## Basic Time Series Analysis

This notebook demonstrates basic time series data analysis using scientific Python libraries such as [NumPY](http://www.numpy.org/).  This example uses air temperature data that is stored in HydroShare to derive daily aggregated values and store them in a new HydroShare resource.

## 1. Script Setup and Preparation

Before we begin our processing, we must import several libaries into this notebook. The `hs_utils` library provides functions for interacting with HydroShare, including resource querying, dowloading and creation.  The `%matplotlib inline` command tells the notebook server to place plots and figures directly into the notebook.

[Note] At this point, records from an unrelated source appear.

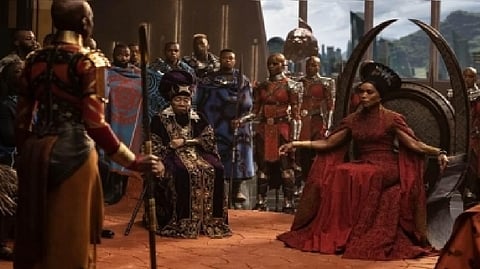 Black Panther X JJ Valaya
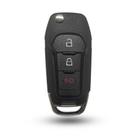 Carcaça Chave Canivete Oca 3 Botões Ford Fusion Edge Explorer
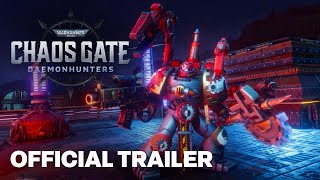 Warhammer 40,000: Chaos Gate Daemonhunters DLC - Class Spotlight   Techmarine Trailer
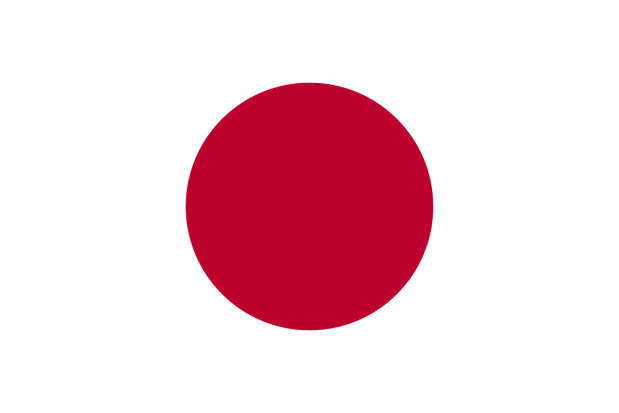 Bandeira Japão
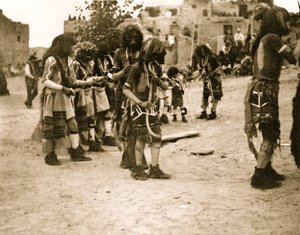 Bærer slangene 1900 (bilde) av Hippolyte Lalaise Devéria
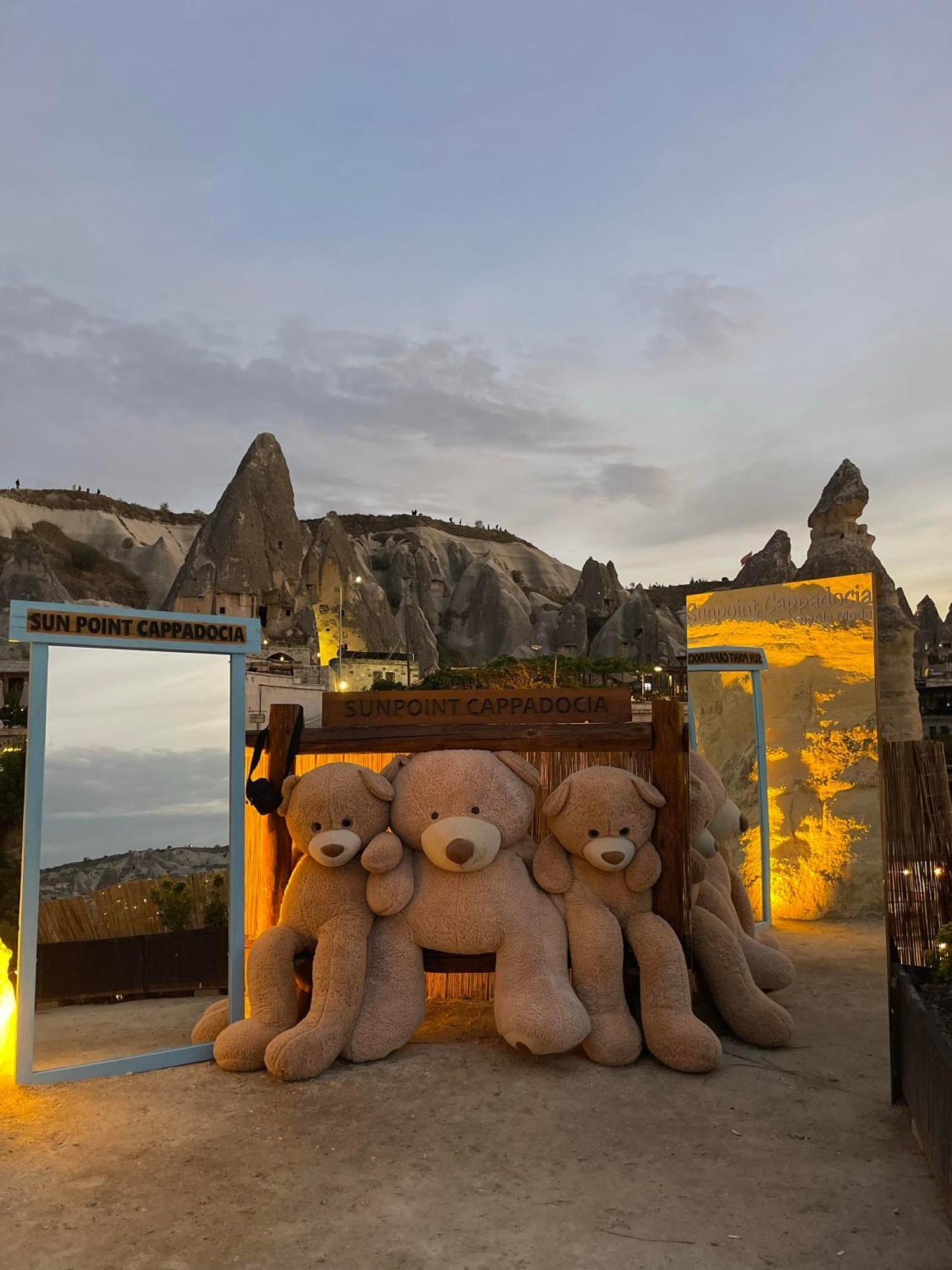A La Mode Cappadocia Hotell Göreme Eksteriør bilde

**Note:** You may see some matplotlib warnings if this is the first time you are running this notebook. These warnings can be ignored.

In [None]:
# import required libaries
import os
import hs_utils
import numpy as np
from datetime import datetime
import itertools as it
import matplotlib.pyplot as plt
%matplotlib inline

Next we need to establish a secure connection with HydroShare. This is done by simply instantiating the hydroshare class that is defined within `hs_utils`. In addition to connecting with HydroShare, this command also sets environment variables for several parameters that may useful to you:

1. Your username
2. The ID of the resource which launched the notebook
3. The type of resource that launched this notebook
4. The url for the notebook server.

In [None]:
# establish a secure connection to HydroShare
hs = hs_utils.hydroshare()

### Retrieve a resource using its ID

This example uses temperature data that is stored in HydroShare at the following url: https://www.hydroshare.org/resource/927094481da54af38ffb6f0c39ad8787/ . The data for our processing routines can be retrieved using the `getResourceFromHydroShare` function by passing it the global identifier from the url above.

In [None]:
# get some resource content. The resource content is returned as a dictionary
content = hs.getResourceFromHydroShare('927094481da54af38ffb6f0c39ad8787')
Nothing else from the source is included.